Data integrity constraints: Many databases don’t allow for strange or unrealistic combinations of input variables and this could potentially thwart watermarking attacks. Applying data integrity constraints on live, incoming data streams could have the same benefits.
Version control: Production model scoring code should be managed and version-controlled—just like any other mission-critical software asset.
Anomaly detection, data integrity constraints, and disparate impact analysis can be used at training time and as part of real-time model monitoring activities.

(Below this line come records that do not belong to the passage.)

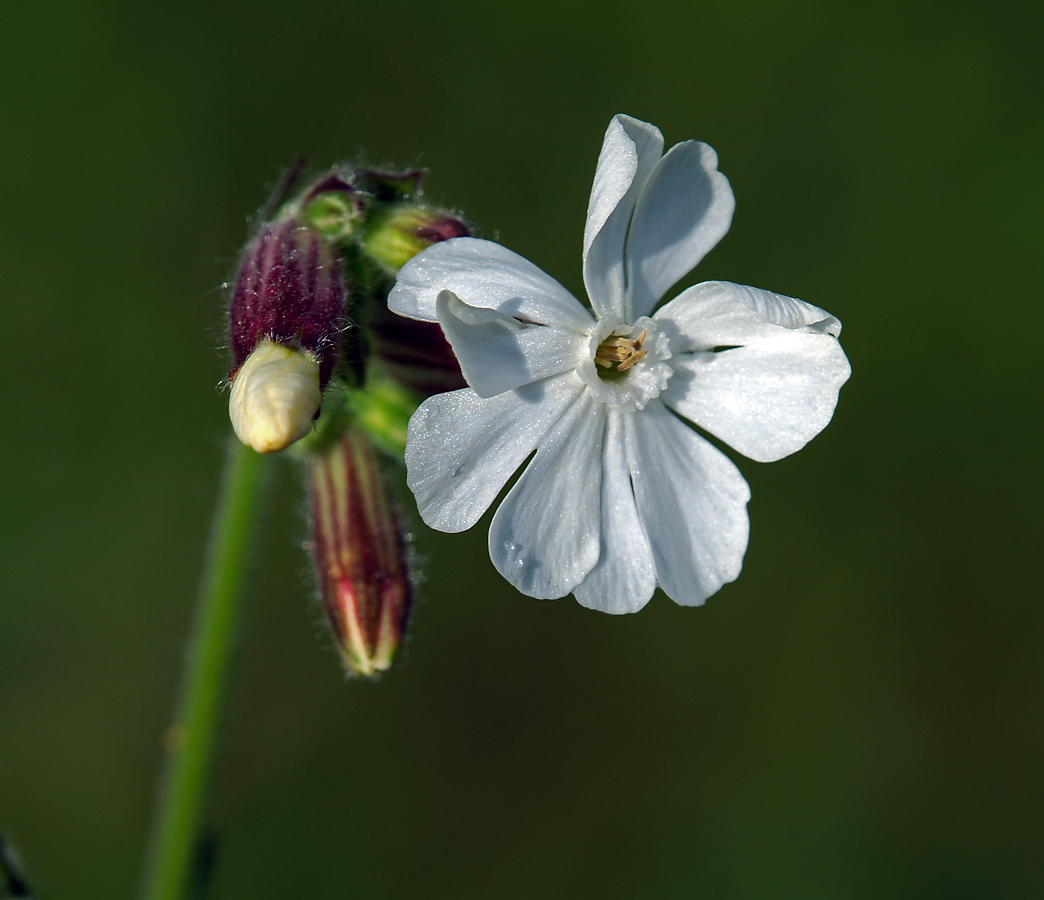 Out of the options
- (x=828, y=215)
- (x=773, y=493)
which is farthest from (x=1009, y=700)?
(x=828, y=215)

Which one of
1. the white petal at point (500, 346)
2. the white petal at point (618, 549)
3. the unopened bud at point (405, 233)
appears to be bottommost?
the white petal at point (618, 549)

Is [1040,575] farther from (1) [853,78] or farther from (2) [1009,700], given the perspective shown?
(1) [853,78]

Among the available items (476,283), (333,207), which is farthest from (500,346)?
(333,207)

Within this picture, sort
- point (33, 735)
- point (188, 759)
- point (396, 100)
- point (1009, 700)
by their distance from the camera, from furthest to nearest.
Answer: point (396, 100) < point (1009, 700) < point (33, 735) < point (188, 759)

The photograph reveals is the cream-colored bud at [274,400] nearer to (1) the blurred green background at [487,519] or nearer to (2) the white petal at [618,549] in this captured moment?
(2) the white petal at [618,549]

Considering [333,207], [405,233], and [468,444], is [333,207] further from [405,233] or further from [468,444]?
[468,444]

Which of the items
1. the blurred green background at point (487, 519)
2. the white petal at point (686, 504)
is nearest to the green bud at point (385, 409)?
the white petal at point (686, 504)

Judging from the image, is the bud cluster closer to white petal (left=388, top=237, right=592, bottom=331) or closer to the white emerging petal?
white petal (left=388, top=237, right=592, bottom=331)

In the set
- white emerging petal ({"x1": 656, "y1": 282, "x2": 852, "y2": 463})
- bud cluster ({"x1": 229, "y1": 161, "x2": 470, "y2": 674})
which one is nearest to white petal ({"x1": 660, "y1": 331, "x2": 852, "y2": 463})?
white emerging petal ({"x1": 656, "y1": 282, "x2": 852, "y2": 463}) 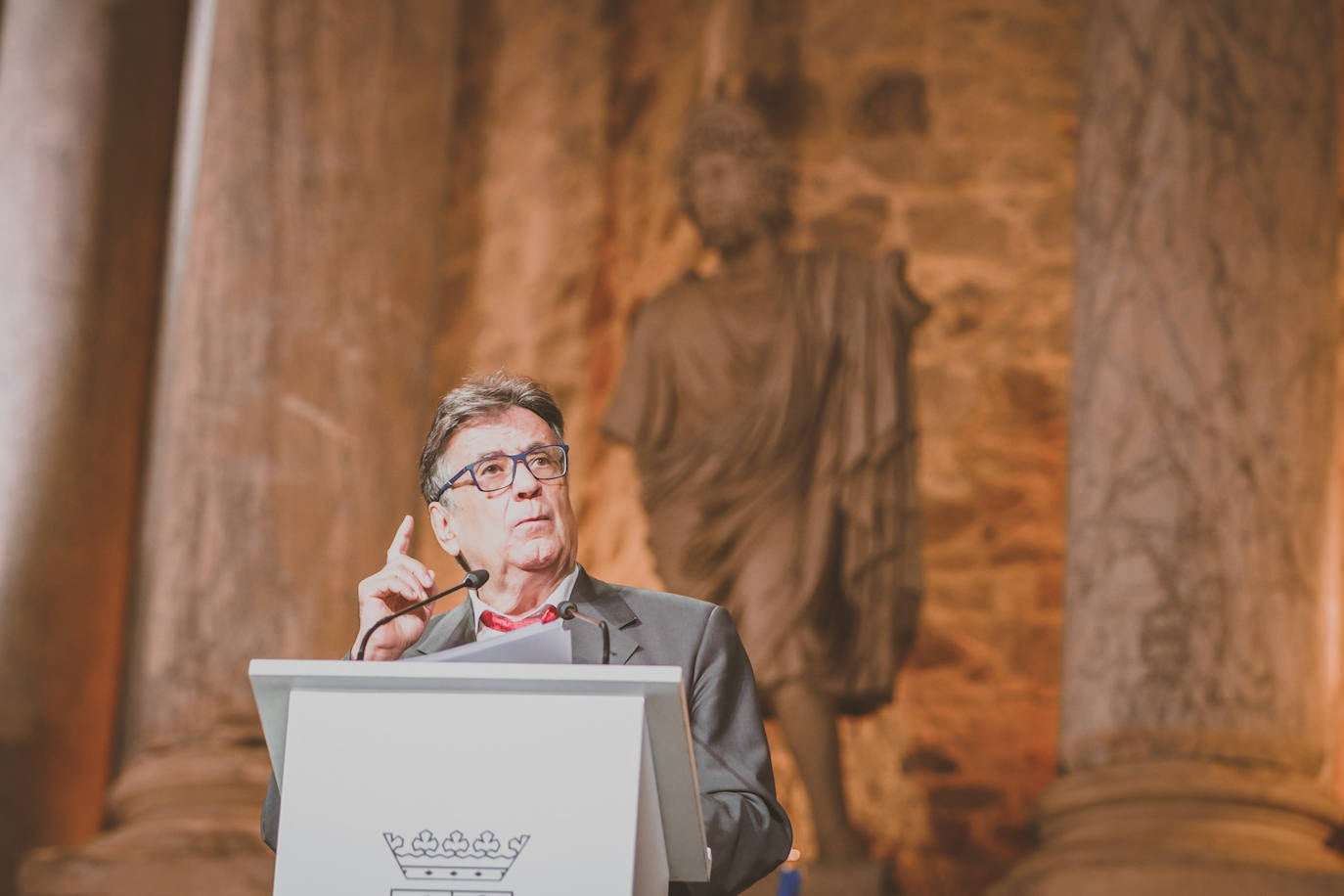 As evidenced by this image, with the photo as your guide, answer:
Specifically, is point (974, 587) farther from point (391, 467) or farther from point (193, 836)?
point (193, 836)

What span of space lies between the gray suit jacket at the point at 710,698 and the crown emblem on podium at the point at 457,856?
309 millimetres

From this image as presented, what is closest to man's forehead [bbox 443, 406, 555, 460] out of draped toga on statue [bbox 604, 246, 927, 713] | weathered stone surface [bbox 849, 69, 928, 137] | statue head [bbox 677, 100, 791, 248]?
draped toga on statue [bbox 604, 246, 927, 713]

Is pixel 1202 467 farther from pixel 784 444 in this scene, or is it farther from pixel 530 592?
pixel 530 592

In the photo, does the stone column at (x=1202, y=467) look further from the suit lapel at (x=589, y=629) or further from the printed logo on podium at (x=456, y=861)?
the printed logo on podium at (x=456, y=861)

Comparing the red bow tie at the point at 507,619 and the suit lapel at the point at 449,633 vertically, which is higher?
the red bow tie at the point at 507,619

3. Inversion by surrogate models
Inversion basically refers to getting unauthorized information out of your model—as opposed to putting information into your model. Inversion can also be an example of an “exploratory reverse-engineering” attack. If an attacker can receive many predictions from your model API or other endpoint (website, app, etc.), they can train their own surrogate model. In short, that’s a simulation of your very own predictive model! An attacker could conceivably train a surrogate model between the inputs they used to generate the received predictions and the received predictions themselves. Depending on the number of predictions they can receive, the surrogate model could become quite an accurate simulation of your model. Once the surrogate model is trained, then the attacker has a sandbox from which to plan impersonation (i.e., “mimicry”) or adversarial example attacks against your model’s integrity, or the potential ability to start reconstructing aspects of your sensitive training data. Surrogate models can also be trained using external data sources that can be somehow matched to your predictions, as ProPublica famously did with the proprietary COMPAS recidivism model.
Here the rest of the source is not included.